I have begun and left unfinished entries about: eels and Camus, the persistence of New York City, victimhood in the writing of Paul Bowles and Jean d'Ormesson, food in Japanese film. Instead, I have let myself go deeper into the souks—buying nothing, jumping out of the way of motorbikes, looking at cats, thinking about the improbability of a new year and of Marrakech.

- Andrea

11.12.2025 // Ports of Refuge

Rabat, Morocco

Borrowed amidst criss-crossing tram lines, flat boulevards, narrow cobblestone streets, pitiless drivers of taxis, scooters, motorcycles and the all-too-daring pedestrians—there is a little café-shop that always brings me a sense of peace in Rabat. When I walk in, everything hushes, and then the sounds, smells, and sights gently pick up again.

Wandering recently between the shop's teas, spreads, shawls and postcards, a book caught my eye. Without much thought, I flipped open the thick hardcover and encountered humanoid birds, exuberant vines, patterns and patterns of palms, tiles, leaves. I was immediately enchanted by the drawings, watercolors, and paintings of Abbès Saladi.

A colourful drawing of an elongated bird covered in feathers with human-like feet framed by the trunk of a tree and surrounded by geometric patterns and other feathered limbs and creatures.
Fig 1. A page from the book, Abbes Saladi: Histoires sans fin.

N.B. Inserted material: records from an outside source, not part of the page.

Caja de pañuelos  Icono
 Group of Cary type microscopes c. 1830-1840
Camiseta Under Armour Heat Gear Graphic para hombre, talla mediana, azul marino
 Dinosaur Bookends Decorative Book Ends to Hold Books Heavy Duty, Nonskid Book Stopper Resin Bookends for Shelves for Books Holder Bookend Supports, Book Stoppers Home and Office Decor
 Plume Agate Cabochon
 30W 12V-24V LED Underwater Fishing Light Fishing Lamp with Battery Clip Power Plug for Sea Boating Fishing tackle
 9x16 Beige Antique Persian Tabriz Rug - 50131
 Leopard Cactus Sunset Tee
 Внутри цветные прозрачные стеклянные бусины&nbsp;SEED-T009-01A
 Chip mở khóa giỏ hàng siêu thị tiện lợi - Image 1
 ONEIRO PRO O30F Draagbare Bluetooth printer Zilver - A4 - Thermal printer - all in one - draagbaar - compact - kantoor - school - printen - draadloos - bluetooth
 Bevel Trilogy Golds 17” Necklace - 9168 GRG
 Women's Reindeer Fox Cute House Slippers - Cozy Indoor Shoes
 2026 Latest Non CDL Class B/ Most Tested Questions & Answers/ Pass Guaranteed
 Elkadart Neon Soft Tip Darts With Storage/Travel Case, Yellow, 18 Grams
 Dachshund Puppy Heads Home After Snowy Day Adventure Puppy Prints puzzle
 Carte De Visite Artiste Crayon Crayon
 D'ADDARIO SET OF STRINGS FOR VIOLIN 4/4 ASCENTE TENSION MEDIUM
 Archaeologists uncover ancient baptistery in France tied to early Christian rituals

There is something about Saladi's work that makes me think of the film La planète sauvage. I could actually imagine an exhibition of Saladi's drawings set to Alain Goraguer's excellent film score.

An almost desert landscape covered with alien rainbow plants and an odd pink creature in a vine-like cage. Two small humans walk and stand in the bottom right corner.
Fig 2. Scene from the animated sci-fi film, La planète sauvage. Source.

Coming back home, I discover that there is very little information available online about the artist (perhaps there is more out there in Darija). Much of his work is in private collections and auction houses. I decide that I will gather a few facts from the book in the shop and create a Wikipedia article. In fact, if I had a library of my own, I would have bought the book about Saladi's oeuvre right then and there.

These sort of encounters remind me why I set out to travel in the first place. And there have been so many so far. It feels as if only a moment ago I was admiring Gerard Sekoto's yellow houses in Cape Town and now I am admiring Saladi's sinuous bird people at the other end of the continent. These encounters have only multiplied as I have learned to set my shyness aside and seek them out. But perhaps what I need now more than anything is time to sit with all of these paintings, poems, bits and pieces of art.

- Andrea

13.11.2025 // Writing in Rabat

Rabat, Morocco

In Rabat, walls and rooms crumble into sea foam and towers rise on riverbanks. Cats always prowl just around the corner and in the shadowy depths of a worn and tattered grey building, I see a fire burning bright. Every morning, it spits out sweet cakes, hard breads, and cookies onto the sidewalk, to the delight of passer-by's. In Rabat, it rains plastic on the dirty blonde beaches and blue taxis race down perfectly palm-lined avenues. It has taken me a while to figure out how to write here. In the narrow, damp and dusty, streets of the medina, I am reminded of the smell of my great-grandmother's brick house in Bogotá. But once out among the merchants and the motorbikes, my ability to decipher what is before me recedes gently like the sea.